Scandal-hit Nihon University picks novelist Hayashi as chair

The Yomiuri Shimbun
Mariko Hayashi, who was appointed as the new chairperson of Nihon University, speaks to reporters in Tokyo on Friday.

TOKYO — Nihon University said Friday that it has decided to appoint award-winning novelist Mariko Hayashi, an alumna of the university, as its new chairperson.

Hayashi, 68, set to serve four years, will be the university’s first female chair. She will be tasked to rebuild one of Japan’s largest universities following a series of scandals that led to the resignation of a former chairperson.

Takeo Sakai, a 78-year-old former president of the university, was picked as the university’s next president.

The two will assume their positions July 1.

On Friday, Hayashi visited education minister Shinsuke Suematsu, telling him that she is “determined to make big reforms.”

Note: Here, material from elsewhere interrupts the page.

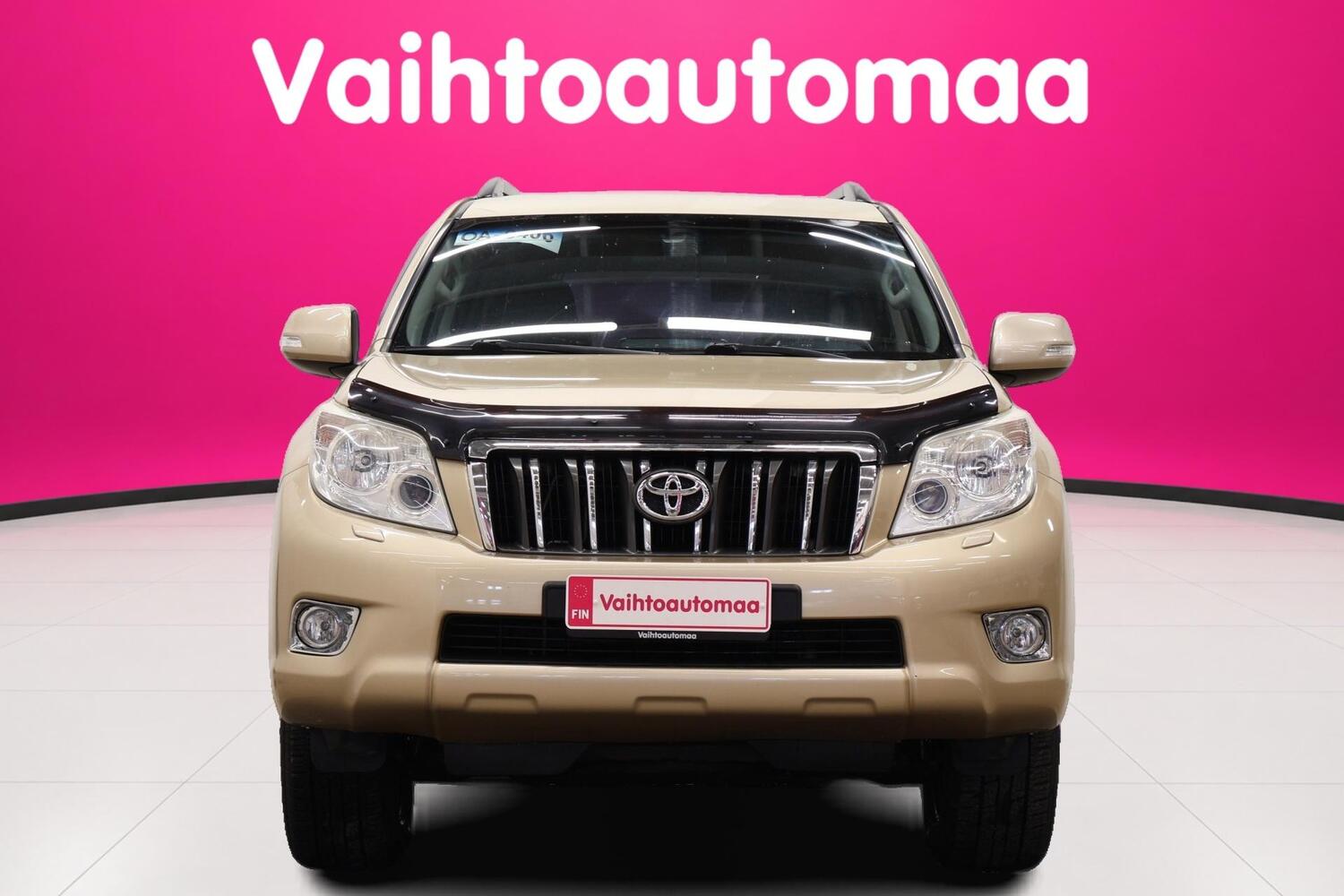 Toyota Land Cruiser vaihtoauto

“I have the confidence that I love the university more than anyone else,” she stressed.

The university’s students and the public have high expectations, Suematsu said, requesting Hayashi to focus on strengthening university governance.

“I feel really tense because I’ll be involved in a huge organization,” Hayashi told reporters after the visit. “I want to do something surprising.”

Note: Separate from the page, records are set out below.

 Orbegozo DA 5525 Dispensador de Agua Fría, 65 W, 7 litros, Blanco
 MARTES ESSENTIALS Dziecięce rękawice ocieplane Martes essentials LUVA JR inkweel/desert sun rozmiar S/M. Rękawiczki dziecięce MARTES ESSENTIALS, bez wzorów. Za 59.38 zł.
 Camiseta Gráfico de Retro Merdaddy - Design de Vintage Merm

The university is a “macho organization,” she said, expressing a wish to boost the presence of women working in the university.

A six-member committee including four outside experts said it chose Hayashi based on her experience and accomplishments as the first female leader of the Japan Writers’ Association, as well as her resolve to rebuild the university and her ability to deliver.

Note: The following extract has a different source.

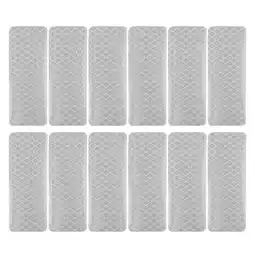 Walmart 12pcs Silver Tone Rear Bumper Reflector Reflective Stickers Tape 3 x 8cm for Car offer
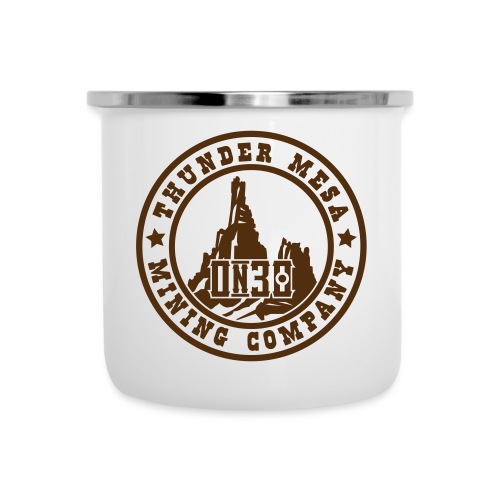 A Thunder Mesa Mining Co. Herald On30 - Camper Mug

The committee also mentioned Hayashi’s “strong affection for her school.”

“She has grit not to give up halfway and readiness to work sincerely and with devotion,” the committee added.

After graduating from Nihon University’s College of Art, Hayashi won the prestigious Naoki literary award in 1986. She was awarded the Medal with Purple Ribbon by the government in 2018.

Nihon University’s scandals include tax evasion by former Chairman Hidetoshi Tanaka, 75, who quit in December last year, and a breach of trust by a former board member.

The university decided to reform its top management based on proposals from a team to examine the university’s governance system set up after the scandals came to light.